In fact, the only thing they asked for was a chance to try that all-American favorite, pizza, which the Madison obligingly made in its haute-continental kitchen.


A decade ago restaurateur Alex Inglese of the now-defunct Alexander's III restaurant in Rosslyn figured that people wanted small portions, so he offered a choice on his menu. Diners could opt for normal entrees or "petite portions." Clearly he was ahead of his time, for in the last couple of months I have found at least three Washington restaurants offering the choice of small or large portions from their entree list.

The difference is that nowadays choosing small portions doesn't necessarily mean the diner wants to eat less; more likely he wants to graze -- to taste more things. Samplings and Flutes offer only small portions -- midway between appetizer and entree sizes. Tony & Joe's gives the choice of appetizer or main-dish sizes of its fried squid and smelts; Fedora and the River Club offer their entrees as normal or small portions; and at lunch the New Orleans Emporium allows the option of ordering tasting sizes rather than whole entrees. Some restaurants are offering small-portion options of dessert, too. Fedora lists the "World's Smallest Hot Fudge Sundae" along with its regular desserts. Then there are the restaurants that don't offer the choice, but just serve everything in skimpy amounts and excuse it as nouvelle cuisine.

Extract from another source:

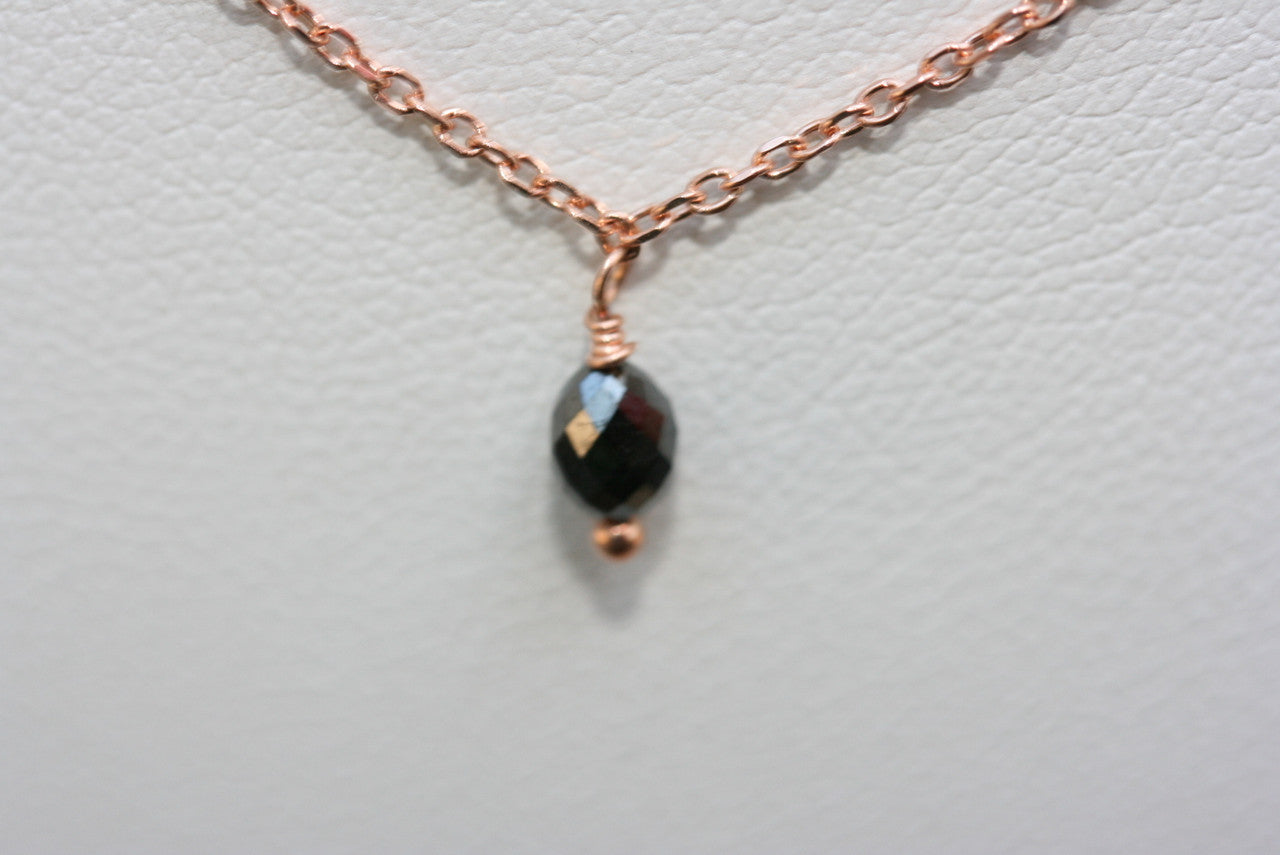 14K Rose Gold Black Briolette Diamond Necklace, Diamond Solitaire Necklace, Black Diamond Necklace, Rose Gold Black Diamond Necklace .10 CT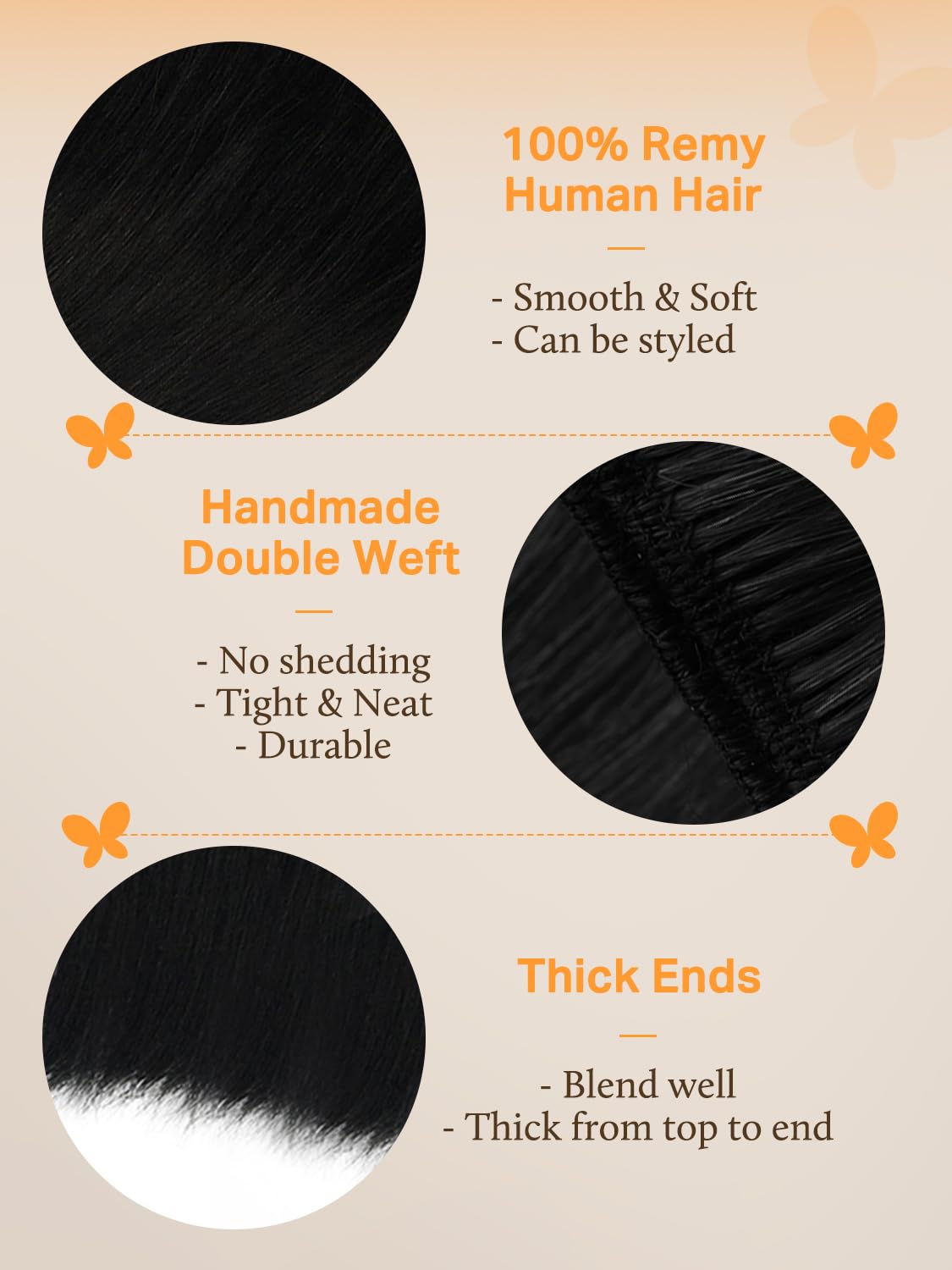 DOORES Sew in Hair Extensions Real Human Hair, Jet Black 22 Inch 110g, Hand Tied Weft Bundles Natural Straight Extensions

I'm pretty wary of fruitcakes, and in particular have never understood the charm of candied cherries and bright green citron. At last there is a fruitcake that could convert me to an addict. It is called California Fruitcake. It contains none of that super-sweet candied stuff. It is mostly apricots and pineapple, with some dried peaches, pears and raisins, and plenty of walnuts, hazelnuts and almonds, bound together by the slightest bit of cake and drenched with Grand Marnier. It is made locally by Swan Caterers, who also make more traditional fruitcakes and other eccentric versions such as cranberry-orange, pumpkin, chocolate and pineapple-macadamia. It can be ordered for $29.95 (2 1/2 pounds) to $39.95 (5 pounds); the other fruitcakes range from $11.95 to $34.95. They're at 1532 U St. NW. Call 328-SWAN.


On the subject of particularly delicious versions of holiday treats, check out Chocolate Moose, the funky gift store on the corner of 18th and M streets NW. It is selling Gartner chocolates from Belgium -- at the breathtaking price of $32 a pound. While all the Gartner chocolates are good, not all are good enough to warrant that price. The ones that are worth the extravagance -- about $1 per chocolate -- are those with fresh-cream fillings. Made by a generations-old family-secret process, these fluffy creamy fillings taste truly like sheer whipped cream, flavored with the likes of almond crisp, marzipan, fruits, coffee, caramel and walnuts. The chocolate itself is fine, but with that whipped, flavored fresh cream -- containing no egg whites or butter to firm it -- the combination is sensational. Just make sure to keep the fresh-cream chocolates refrigerated, and consume them soon (which shouldn't really be a problem).